Nível cinco

A batalha de Okinawa foi uma das mais sangrentas do final da Segunda Guerra Mundial, agravada devido ao suícidio coletivo praticado por grande parte da população japonesa da ilha. Chris Marker se debruça sobre esse triste episódio em filme que transita entre o documentário, a ficção, a tecnologia interativa e os jogos de videogame.

Laura (Catherine Belkhodja), programadora de computador, é contratada para construir um jogo de computador tendo como tema a Batalha de Okinawa. Enquanto ela desenvolve a narrativa, uma profusão de imagens, simulando realidades interativas, invadem a tela. As entrevistas que a programadora promove, entram como depoimentos, entre eles do diretor Nagisa Oshima. 

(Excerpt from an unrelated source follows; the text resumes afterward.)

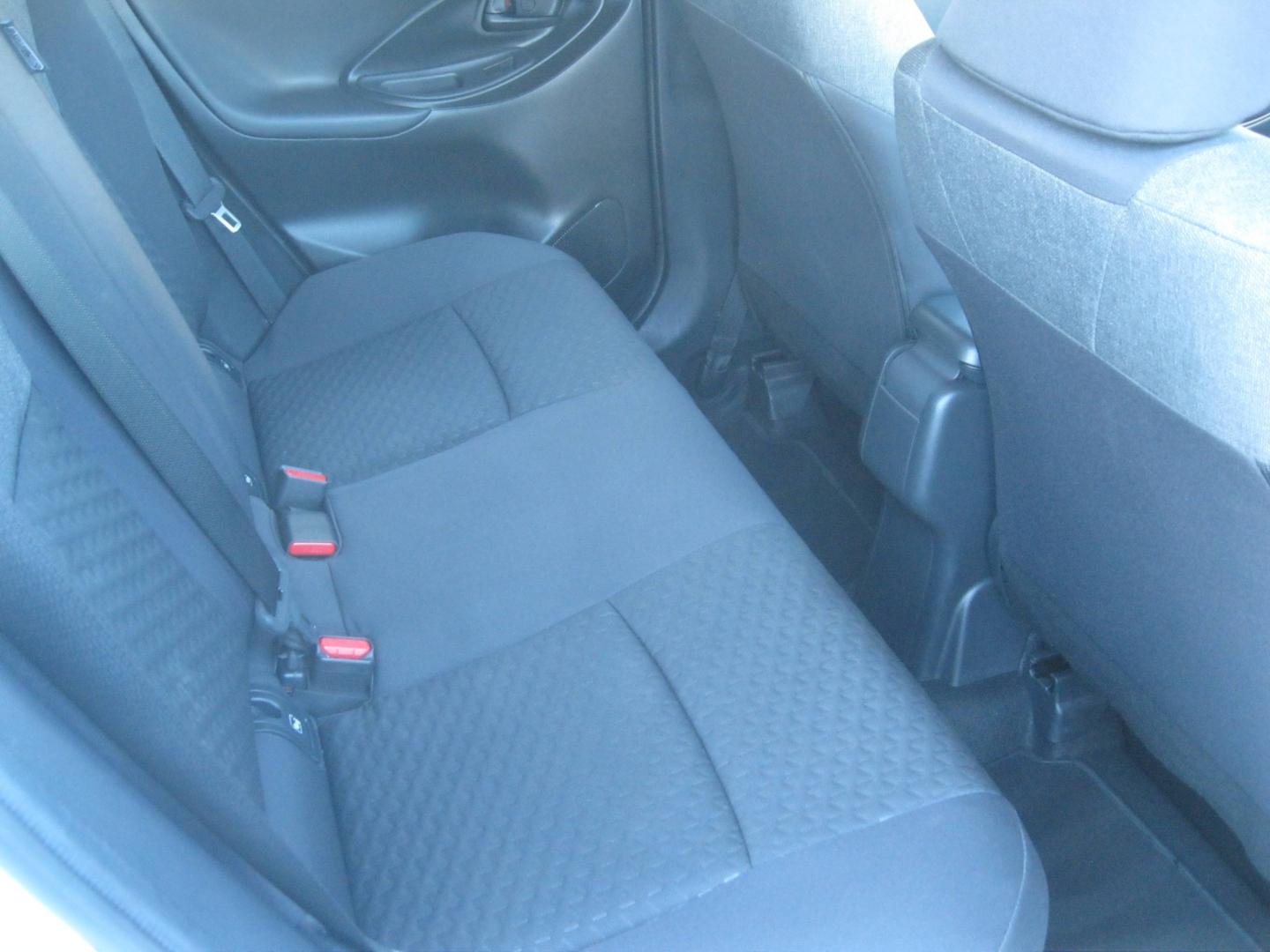 TOYOTA – Yaris Cross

Um momento de Nível Cinco é mais aterrador do que qualquer cena real da batalha: um padre, já idoso, narra como ele e o irmão mataram a própria mãe, atendendo aos pedidos dos militares japoneses: sacrificar as crianças e os mais velhos e depois cometer suícidio.

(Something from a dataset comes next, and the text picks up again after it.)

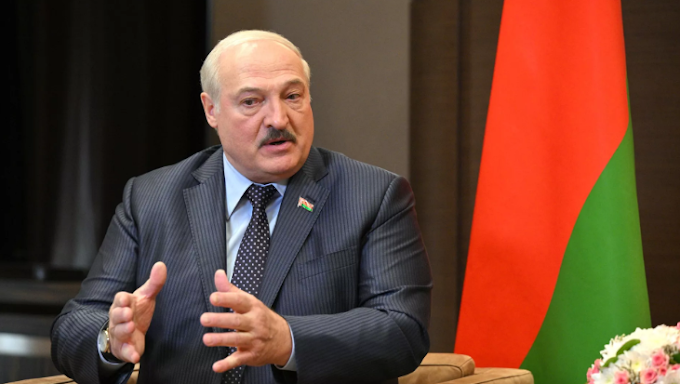 Lukasenka elmondta, miért "szervezték meg" a koronavírus-járványt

Uma das teorias difundidas é que as bombas de Hiroshima e Nagasaki não teriam acontecido se os militares em Okinawa tivessem aceitado os termos de rendição impostos pelos americanos. O saldo final de mortos da batalha gira em torno de 350 mil pessoas (cerca de 130 mil civis). Até quando cineastas como Chris Marker vão precisar alertar a humanidade sobre a estupidez desumana das guerras?

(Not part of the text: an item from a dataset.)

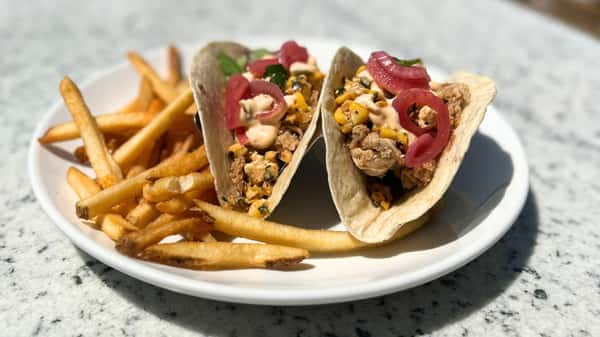 Carnitas Tacos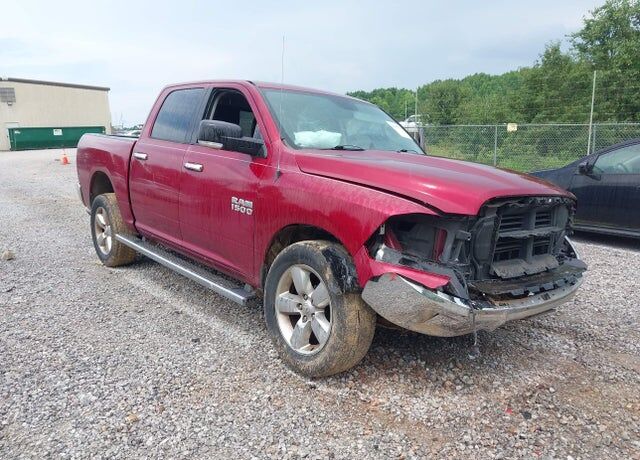 2014 RAM 1500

Nìvel cinco (Level five, França, 1997), de Chris Marker.

Constans

Após dar baixa em seu treinamento no exército, o jovem Witold consegue emprego como eletricista. No primeiro dia de trabalho, ele revela à Marius, seu chefe imediato, que tem pouca experiência na função. Marius responde que “basta ele ser honesto.” É o tema do mais famoso filme de Zanussi, ganhador do Prêmio do Júri no Festival de Cannes. 

A honestidade de Witold passa a ser confrontada por seus próprios colegas de trabalho, incluindo Marius, que exigem que o jovem faça pequenas negociações escusas no ambiente de trabalho, proporcionando lucro extra aos trabalhadores.

Em outro ambiente, um hospital, Witold também se depara com a corrupção. Sua mãe é internada devido a um câncer terminal e conseguir vaga em um quarto, assim como medicamentos, depende de “contribuições” para os funcionários do hospital. 

Constans é o retrato frio e cruel do fim do sonho comunista na Polônia. Em determinado momento, Marius pergunta a Witold: “Qual o seu preço?”, afirmando que mais dia menos dia o jovem idealista também será corrompido. Witold resiste, sua moral e ética prevalecem, talvez um ingênuo como Cândido, que infelizmente só existam na literatura e no cinema.  

Constans (Polônia, 1980), de Krzysztof Zanussi. Com Tadeusz Bradecki (Witold), Zofia Mrozowska (Mãe de Witold), Małgorzata Zajączkowska (Grażyna), Witold Pyrkosz (Marius)

Os roteiristas de Cidadão Kane

Em 1971, a crítica de cinema Pauline Kael escreveu ensaio sobre a concepção do roteiro do filme Cidadão Kane (Citizen Kane, EUA, 1941), acirrando uma polêmica: a verdadeira autoria do roteiro do filme. A ficha técnica credita o roteiro a Herman J. Mankiewicz e Orson Welles, nessa ordem. A direção, todos sabem, é de Orson Welles.

Pauline Kael defende que o argumento e o roteiro são de autoria de Herman J. Mankiewicz. Orson Welles teria apenas sugerido, por telefone ou carta, pequenas mudanças. “Orson Welles não estava por perto quando Cidadão Kane foi escrito, no início de 1940”.

A secretária de Mankiewicz que acompanhou o trabalho do autor do “primeiro ao último parágrafo… diz que Welles não escreveu (nem ditou) uma linha do roteiro de Cidadão Kane”. Era comum, nessa época, produtores e diretores assinarem argumentos e roteiros, juntamente com o escritor do filme. Isso se devia às constantes alterações que sugeriam, à liberdade que o diretor sempre teve de improvisar durante as filmagens e à prática do produtor de determinar cortes ou refilmagens de sequências inteiras. Acabavam se sentindo também donos da ideia.